Work to be completed: Your copy should repeat the data that follows exactly and contain no image.

Information supplied:
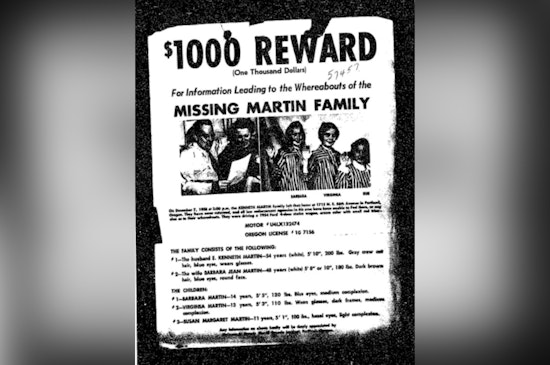 Columbia River Gives Up Martin Family Secrets After 66 Years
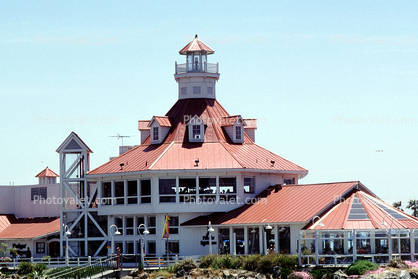 Parkers' Lighthouse Restaurant, building, landmark, landmark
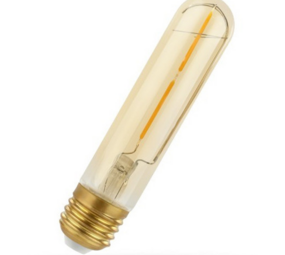 Spectrum voor de installateur LED Filament lamp S14D E27 Fitting - T30 -2w 2700K warm wit licht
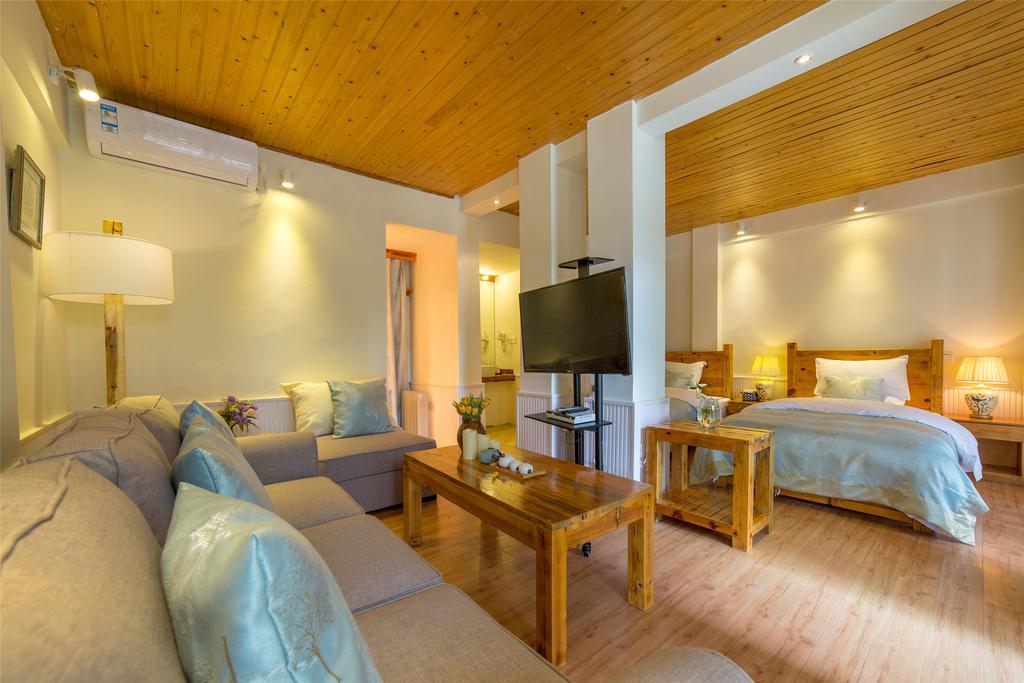 C'Est La Vie Inn Baisha  Bagian luar foto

Expected output:
 Columbia River Gives Up Martin Family Secrets After 66 Years
 Parkers' Lighthouse Restaurant, building, landmark, landmark
 Spectrum voor de installateur LED Filament lamp S14D E27 Fitting - T30 -2w 2700K warm wit licht
 C'Est La Vie Inn Baisha  Bagian luar foto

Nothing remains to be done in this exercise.